A pixel is not a square. A pixel has no width or height. Yes, typically the region of the CCD for which a pixel is recorded is square, but a photon can strike anywhere within that square, and the count for that pixel is incremented. We do not know where on the region of the CCD the photons struck, so we define the location of the pixel as the centroid of the CCD region (or the center of the square).
So, a pixel has a corresponding location on the CCD that can be indexed. Usually when we say "pixel," we mean to specify the indexed location on the CCD and associated photon count.
The pixels are separated by a physical distance in the camera. Combined with the optics, this corresponds to a interpixel distance, which is the physical distance between pixels in a digital image. This is commonly referred to as pixel width, but there is no such thing as pixel width, so we will use the term interpixel distance. The interpixel distance for the image we just loaded, as calibrated for this microscope, is 63.6 nm, or 0.0636 µm.
interpixel_distance = 0.0636 #µm
Importantly, from this look at pixels, we have learned what a digital image is. A digital image is data.

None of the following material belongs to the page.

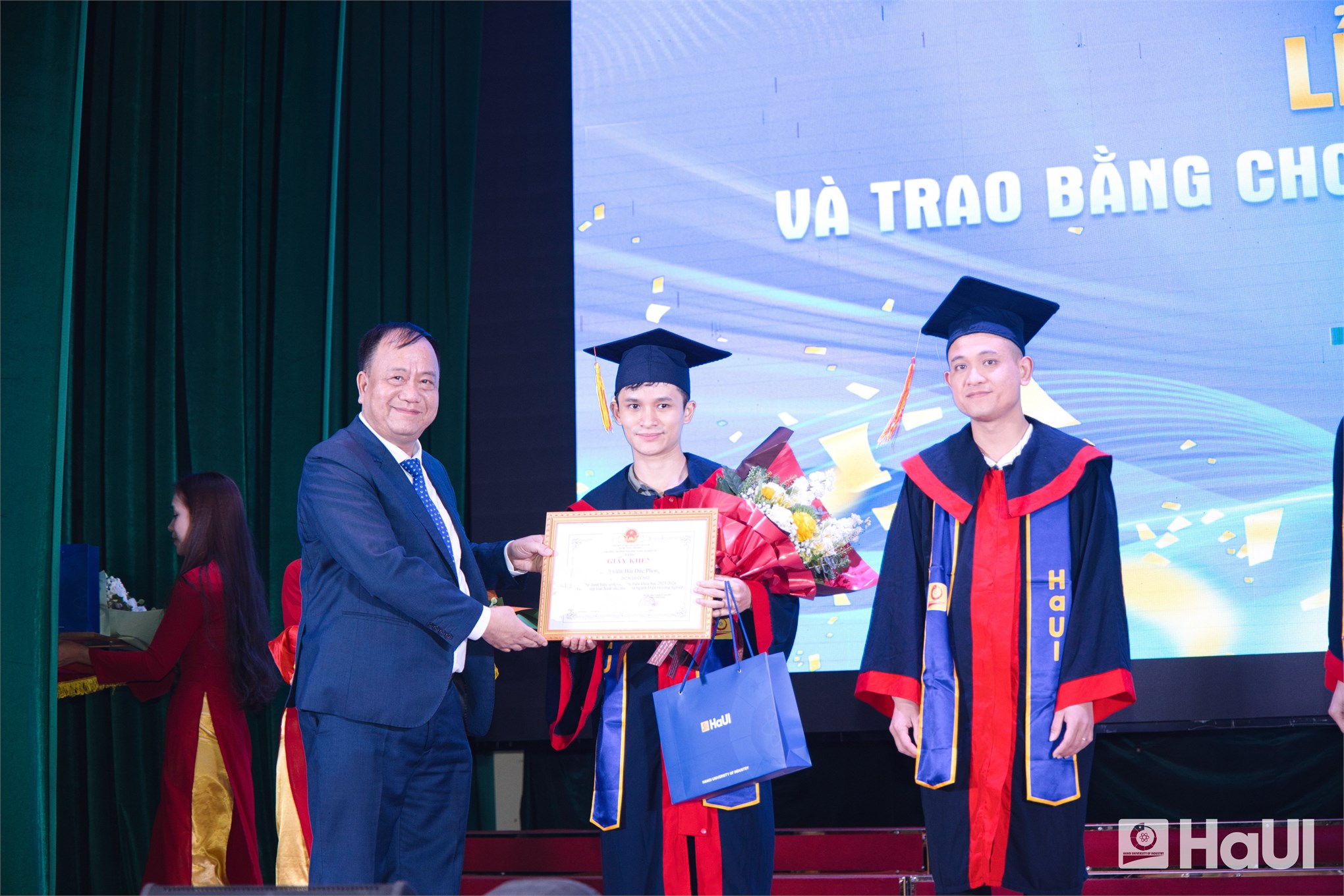 Lễ bế giảng và trao bằng tốt nghiệp năm 2026: Dấu mốc trưởng thành của sinh viên Trung tâm Việt – Nhật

Notice that the image as dtype
uint16
. This means that it is an array of 16 bit integers. A bit is either a one or zero, and the bit depth is the number of bits necessary to represent all of the integer photon counts that the CCD in your device can detect. For a 16-bit image, then, the total number of possible pixel values is $2^{16} = 65,536$. So, the pixel values range from 0 to 65,535.
Most cameras that you have used as 8-bit cameras. This is because the human eye cannot discern differences finer than about 200 intensity levels. Eight bits gives us 256 intensity levels.

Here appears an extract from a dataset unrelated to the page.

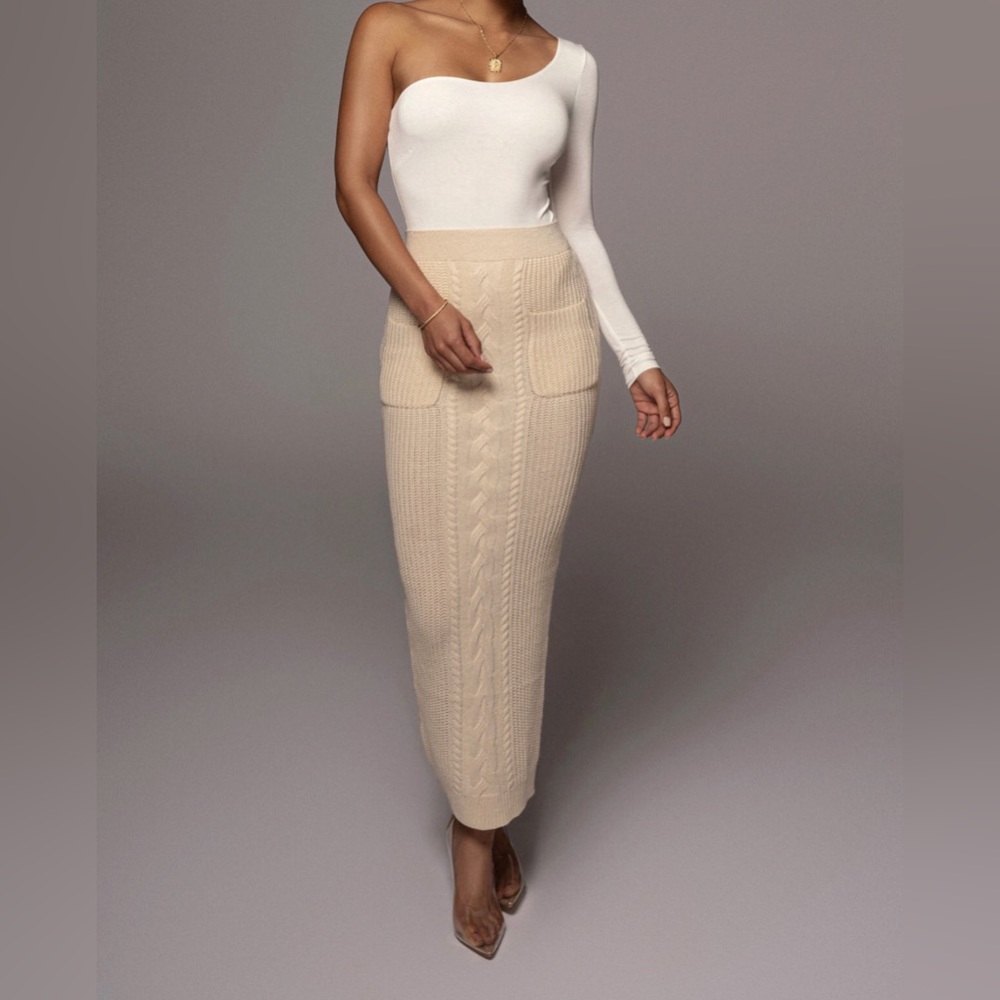 JLUXLABEL Cream Missy Cable Sweater Midi Skirt. Size small.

However, images are data, so we need not be able to discern differences using our eyes.
The particular image we just loaded is actually not 16-bit. Let's look at the maximum value.
np.max(im)
The maximum value is 1023, which is the maximum value we can obtain with a 10-bit camera, since $2^{10} = 1024$. It is stored as a 16-bit integer because NumPy only supports 8-bit and 16-bit data types for integers, in addition to Python's built in long integers.
An image is data, and that's how we should view them. Sometimes, it is useful to look at an image. This "looking" different from looking at pictures of your family or the Grand Canyon. When we look at scientific digital images, we are plotting them. As with any other data, there are many ways to plot them. We'll start with a plot that is probably most familiar to you; just looking at the grayscale image.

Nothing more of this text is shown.